Containment reduces the transmission of sound waves by confining them. Many economy mufflers silence exhaust noise restricting the flow of the exhaust gas by using small diameter or "plugged" flow tubes. This is typically not desirable because when exhaust gasses are confined to the vehicles power and fuel economy suffer.

Absorptive Devices

Absorptive devices convert sound energy to heat high-frequency sound waves collide with material that flexes and vibrates easily.

The material absorbs the sound rather than passing it on a resonance or bouncing it.

Glass packs are a typical example of sound reduction by absorptive control, and as they work best on absorbing high-frequency sound, result in a deep exhaust note.

Reactive Devices

Reactive devices reduce, change or eliminate noise by manipulating the sound waves.

Louvred or Perforated Flow Tubes;

The common application of a reactive sound device is the louvred tubes found in "Tri-Flo" or reverse flow mufflers.

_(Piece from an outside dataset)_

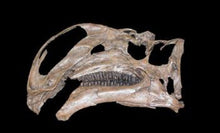 画像をギャラリービューアに読み込む, Altirhinus

Iguanodon Skull cast replica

The purpose of these tubes is to steer sound waves against each other and use their own energy to cancel each out

Helmholtz Tuners

There's one variation of reactive sound control that provides us with a couple of different devices that reduce low-frequency exhaust noise (drone). The first of these devices is referred to as the Helmholtz tuner.

The Helmholtz tuner operates on the theory that if you have exhaust gases pulsing through a constricted area under high pressure and high velocity, and then pass hose gases into a large area, you will reduce the pressure of the velocity of the gases, and in turn reduce the low-frequency exhaust note.

The Helmholtz tuner is usually the large empty "chamber'' that is sealed from the gas flow from all other components except the tuning tube. The tuner is usually a tube that is welded to the side wall of the flow tube and as a gas pulse approaches the tuner the pressure in the chamber rises until it reaches equilibrium.

Once the pulse has passed the tube the pressure in the chamber is higher and so a pressure wave is sent back, the gas flow resulting in destructive interference.